The meeting came about as a result of Ms Spurling's success as one of the six winners of the Face-2-Face competition sponsored by British Airways and backed by the Bermuda Small Business Development Corporation.
The R-101 was a British airship which crashed in France on October 5, 1930, killing 48 people, during its first overseas flight.
Ms Spurling's screenplay is entitled "The Empire of the Air" and is based in John G. Fuller's book, "The Airmen Who Wouldn't Die".
Mr Neal is the co-founder of Artists Studio, designed to offer a facility to help writers in pitching ideas to broadcasters and commissioners, securing finance for shows and maximising distribution revenues. "He said he's very interested in the synopsis and may be interested in becoming a production partner," Ms Spurling said of the meeting with Mr Neal. "He told me a lot about the fiction film-making industry."
Among the things she learned was the names of several directors considered by Mr. Neal to be the most likely to be interested in Ms Spurling's screenplay.
One of the big film-industry names to have a particular interest in airships is Richard Dreyfuss, Mr Neal told her. "He was on a jury with me at the Bermuda International Film Festival, so maybe he'll be interested," Ms Spurling said.
Ms Spurling spent a useful hour and a half with Mr.
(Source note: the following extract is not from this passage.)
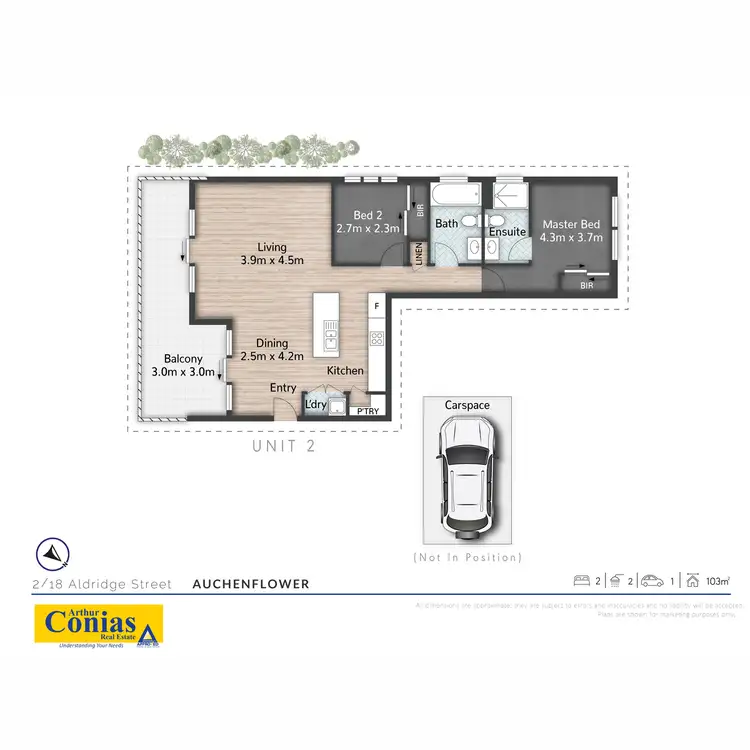 Floorplan of Homely unit listing, 2/18 Aldridge Street, Auchenflower QLD 4066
Neal and later had lunch with British Broadcasting Corporation documentary officer Dimitri Collingwood.
Ms Spurling has made several documentaries of note in the past, including "Rare Bird" in 2006, about the rediscovery of the cahow more than 300 years after it had thought to have become extinct.
"Dimitri gave me lots of names and told me how I should pitch a documentary," she said.
Ms Spurling said winning the trip to London had proved fruitful for her.
"I think it's been very helpful in making those contacts I will need to take it to the next level," she said.